The Numbers Behind Drake
Drake is the most popular hip-hop artist today (as measured by Spotify streams). He generates hit after hit as if he has a formula for creating successful songs. With help from Spotify and Genius, we can try reverse-engineering that formula.
In this post, we’ll analyze Drake’s discography from several angles to see how his music has evolved over time and which features lead to popularity.
Dataset
I use tracks from the following albums:
- Scorpion (2018)
- More Life (2017)
- Views (2016)
- If You’re Reading This It’s Too Late (2015)
- Nothing Was The Same (2013)
- Take Care (2011)
- Thank Me Later (2010)
- So Far Gone (2009)
I omit What a Time to Be Alive (2015) because it’s a collab with Future, and the tracks are rather different from the rest of Drake’s discography.

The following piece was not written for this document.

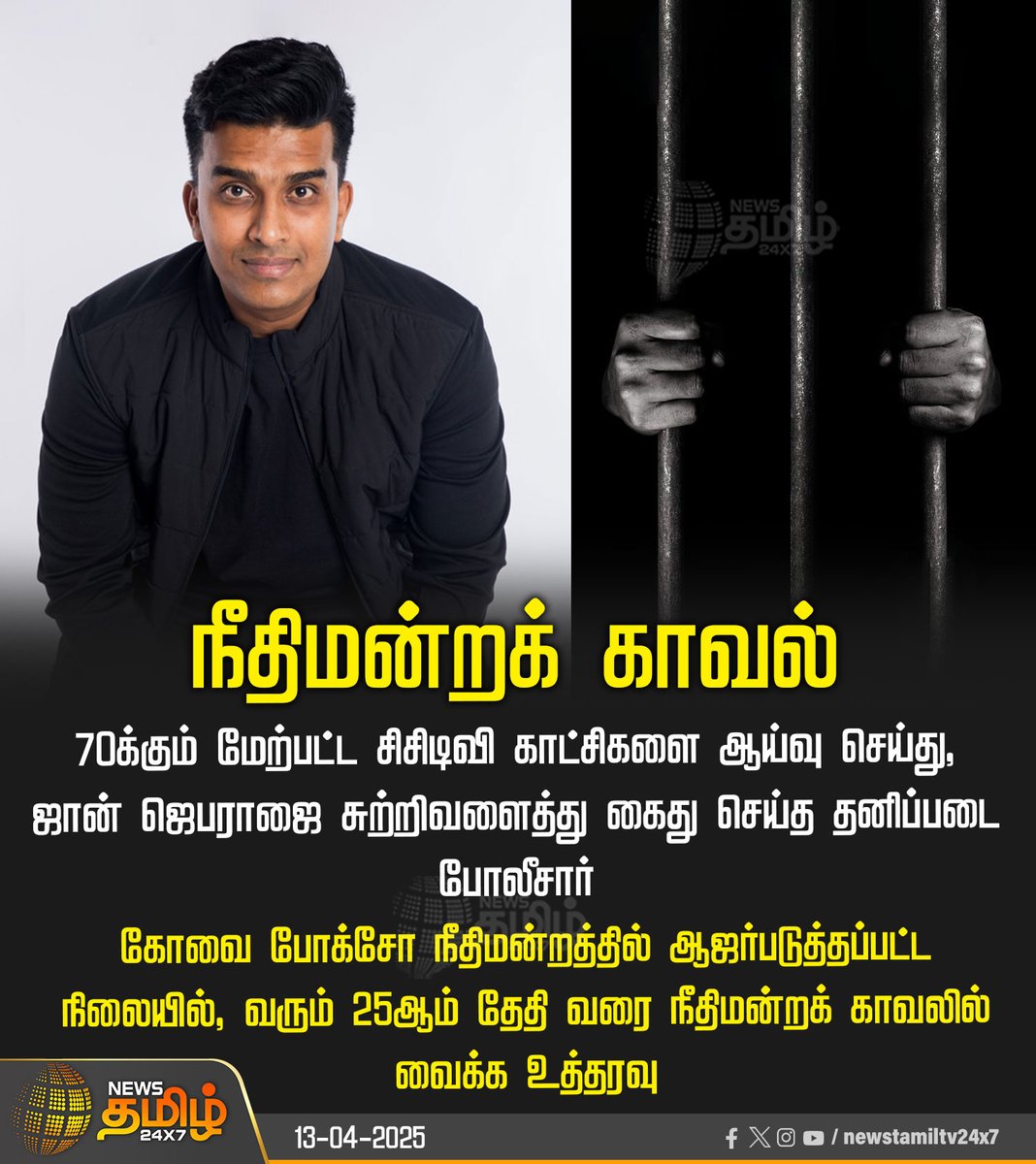 NewsTamilTV24x7's tweet image. #NewsUpdate | நீதிமன்றக் காவல்

#Pastor | #JohnJebaraj | #Coimbatore | #NewsTamil24x7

I also remove the following interlude tracks from all analysis:
- “Skepta Interlude” - More Life
- “Jorja Interlude” - More Life
- “Summers Over Interlude” - Views
- “Wednesday Night Interlude” - If You’re Reading This It’s Too Late
- “Cameras / Good Ones Go Interlude - Medley” - Take Care
- “Buried Alive Interlude” - Take Care
- “Cece’s Interlude” - Thank Me Later
General Trends
Popularity
Spotify offers a popularity measure for each track. Here’s their explanation:
The popularity is calculated by algorithm and is based, in the most part, on the total number of plays the track has had and how recent those plays are. Generally speaking, songs that are being played a lot now will have a higher popularity than songs that were played a lot in the past.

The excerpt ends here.